### Data
[Start of Attachment]

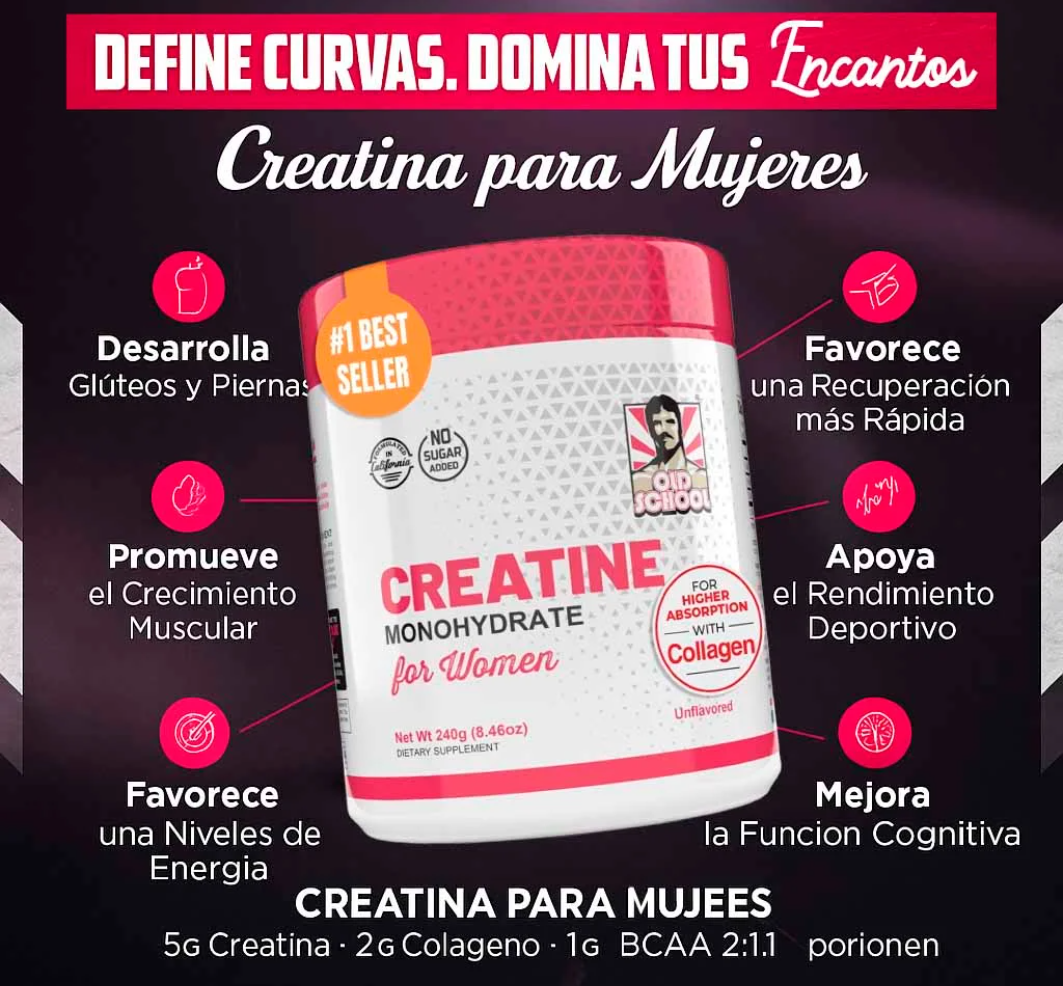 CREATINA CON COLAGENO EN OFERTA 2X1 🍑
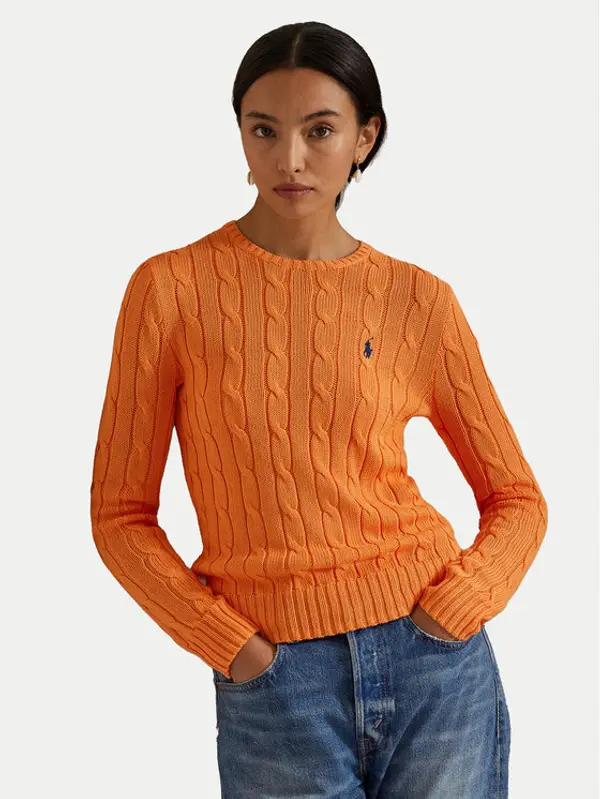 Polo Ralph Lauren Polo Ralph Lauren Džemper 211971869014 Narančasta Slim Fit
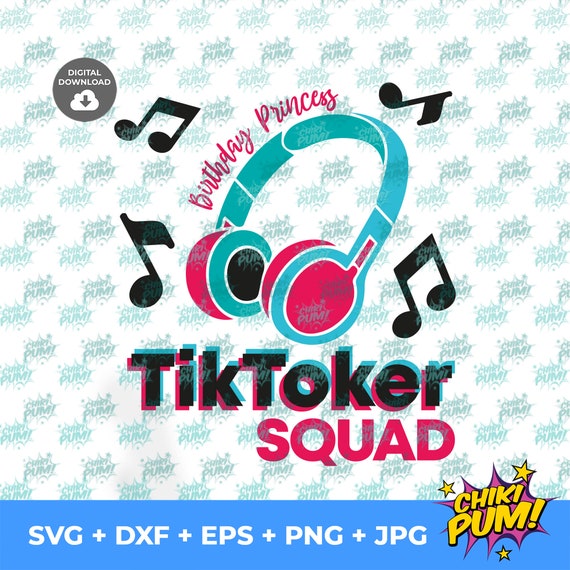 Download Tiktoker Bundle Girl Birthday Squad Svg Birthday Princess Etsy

[End of Attachment]

In repeating the lines above, keep the wording exact and leave every picture out.

 CREATINA CON COLAGENO EN OFERTA 2X1 🍑
 Polo Ralph Lauren Polo Ralph Lauren Džemper 211971869014 Narančasta Slim Fit
 Download Tiktoker Bundle Girl Birthday Squad Svg Birthday Princess Etsy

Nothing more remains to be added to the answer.